** Raw data follows **
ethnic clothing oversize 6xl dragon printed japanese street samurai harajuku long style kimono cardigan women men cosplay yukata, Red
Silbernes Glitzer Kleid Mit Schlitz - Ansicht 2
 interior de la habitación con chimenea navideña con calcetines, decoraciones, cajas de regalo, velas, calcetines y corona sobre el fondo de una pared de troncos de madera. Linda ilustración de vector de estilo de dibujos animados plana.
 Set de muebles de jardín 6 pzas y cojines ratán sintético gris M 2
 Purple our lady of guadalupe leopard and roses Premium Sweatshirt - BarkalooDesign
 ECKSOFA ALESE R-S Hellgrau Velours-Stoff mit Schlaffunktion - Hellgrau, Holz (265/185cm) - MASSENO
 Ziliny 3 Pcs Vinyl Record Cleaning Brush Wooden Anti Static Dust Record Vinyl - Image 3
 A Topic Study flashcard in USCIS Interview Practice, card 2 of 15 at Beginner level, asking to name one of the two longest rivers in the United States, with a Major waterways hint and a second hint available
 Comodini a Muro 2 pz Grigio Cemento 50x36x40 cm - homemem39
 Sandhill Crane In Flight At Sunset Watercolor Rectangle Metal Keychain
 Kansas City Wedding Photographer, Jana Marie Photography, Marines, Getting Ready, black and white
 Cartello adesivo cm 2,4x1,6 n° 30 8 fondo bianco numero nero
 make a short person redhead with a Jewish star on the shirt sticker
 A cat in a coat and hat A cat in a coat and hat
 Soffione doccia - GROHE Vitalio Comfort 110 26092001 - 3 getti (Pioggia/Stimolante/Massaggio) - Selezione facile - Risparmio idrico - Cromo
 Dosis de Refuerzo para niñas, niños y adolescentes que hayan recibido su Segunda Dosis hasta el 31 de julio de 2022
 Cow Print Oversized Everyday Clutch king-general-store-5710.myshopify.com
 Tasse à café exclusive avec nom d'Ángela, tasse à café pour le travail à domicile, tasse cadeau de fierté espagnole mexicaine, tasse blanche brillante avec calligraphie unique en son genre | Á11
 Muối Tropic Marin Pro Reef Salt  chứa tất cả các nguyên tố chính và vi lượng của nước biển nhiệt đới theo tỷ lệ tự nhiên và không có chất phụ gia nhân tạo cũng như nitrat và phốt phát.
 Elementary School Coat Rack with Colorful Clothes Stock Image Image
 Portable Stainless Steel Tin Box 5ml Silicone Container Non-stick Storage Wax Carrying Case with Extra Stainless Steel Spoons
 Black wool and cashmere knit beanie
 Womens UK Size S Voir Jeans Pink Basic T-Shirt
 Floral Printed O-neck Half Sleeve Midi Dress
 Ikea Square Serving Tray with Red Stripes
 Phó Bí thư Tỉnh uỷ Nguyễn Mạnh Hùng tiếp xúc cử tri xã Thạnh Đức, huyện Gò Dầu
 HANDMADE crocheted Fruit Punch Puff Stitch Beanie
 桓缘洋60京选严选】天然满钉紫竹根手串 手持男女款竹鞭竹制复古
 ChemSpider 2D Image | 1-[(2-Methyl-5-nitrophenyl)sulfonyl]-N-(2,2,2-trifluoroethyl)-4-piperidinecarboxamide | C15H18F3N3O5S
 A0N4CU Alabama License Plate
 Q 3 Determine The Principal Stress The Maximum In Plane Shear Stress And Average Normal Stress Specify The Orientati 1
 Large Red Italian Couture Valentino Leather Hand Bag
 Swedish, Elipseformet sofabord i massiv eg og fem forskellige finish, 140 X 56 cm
** End of Raw data **
• [Activity]: When you reach the end of the records, set them all down again exactly.

• [Finished exercise]:
ethnic clothing oversize 6xl dragon printed japanese street samurai harajuku long style kimono cardigan women men cosplay yukata, Red
Silbernes Glitzer Kleid Mit Schlitz - Ansicht 2
 interior de la habitación con chimenea navideña con calcetines, decoraciones, cajas de regalo, velas, calcetines y corona sobre el fondo de una pared de troncos de madera. Linda ilustración de vector de estilo de dibujos animados plana.
 Set de muebles de jardín 6 pzas y cojines ratán sintético gris M 2
 Purple our lady of guadalupe leopard and roses Premium Sweatshirt - BarkalooDesign
 ECKSOFA ALESE R-S Hellgrau Velours-Stoff mit Schlaffunktion - Hellgrau, Holz (265/185cm) - MASSENO
 Ziliny 3 Pcs Vinyl Record Cleaning Brush Wooden Anti Static Dust Record Vinyl - Image 3
 A Topic Study flashcard in USCIS Interview Practice, card 2 of 15 at Beginner level, asking to name one of the two longest rivers in the United States, with a Major waterways hint and a second hint available
 Comodini a Muro 2 pz Grigio Cemento 50x36x40 cm - homemem39
 Sandhill Crane In Flight At Sunset Watercolor Rectangle Metal Keychain
 Kansas City Wedding Photographer, Jana Marie Photography, Marines, Getting Ready, black and white
 Cartello adesivo cm 2,4x1,6 n° 30 8 fondo bianco numero nero
 make a short person redhead with a Jewish star on the shirt sticker
 A cat in a coat and hat A cat in a coat and hat
 Soffione doccia - GROHE Vitalio Comfort 110 26092001 - 3 getti (Pioggia/Stimolante/Massaggio) - Selezione facile - Risparmio idrico - Cromo
 Dosis de Refuerzo para niñas, niños y adolescentes que hayan recibido su Segunda Dosis hasta el 31 de julio de 2022
 Cow Print Oversized Everyday Clutch king-general-store-5710.myshopify.com
 Tasse à café exclusive avec nom d'Ángela, tasse à café pour le travail à domicile, tasse cadeau de fierté espagnole mexicaine, tasse blanche brillante avec calligraphie unique en son genre | Á11
 Muối Tropic Marin Pro Reef Salt  chứa tất cả các nguyên tố chính và vi lượng của nước biển nhiệt đới theo tỷ lệ tự nhiên và không có chất phụ gia nhân tạo cũng như nitrat và phốt phát.
 Elementary School Coat Rack with Colorful Clothes Stock Image Image
 Portable Stainless Steel Tin Box 5ml Silicone Container Non-stick Storage Wax Carrying Case with Extra Stainless Steel Spoons
 Black wool and cashmere knit beanie
 Womens UK Size S Voir Jeans Pink Basic T-Shirt
 Floral Printed O-neck Half Sleeve Midi Dress
 Ikea Square Serving Tray with Red Stripes
 Phó Bí thư Tỉnh uỷ Nguyễn Mạnh Hùng tiếp xúc cử tri xã Thạnh Đức, huyện Gò Dầu
 HANDMADE crocheted Fruit Punch Puff Stitch Beanie
 桓缘洋60京选严选】天然满钉紫竹根手串 手持男女款竹鞭竹制复古
 ChemSpider 2D Image | 1-[(2-Methyl-5-nitrophenyl)sulfonyl]-N-(2,2,2-trifluoroethyl)-4-piperidinecarboxamide | C15H18F3N3O5S
 A0N4CU Alabama License Plate
 Q 3 Determine The Principal Stress The Maximum In Plane Shear Stress And Average Normal Stress Specify The Orientati 1
 Large Red Italian Couture Valentino Leather Hand Bag
 Swedish, Elipseformet sofabord i massiv eg og fem forskellige finish, 140 X 56 cm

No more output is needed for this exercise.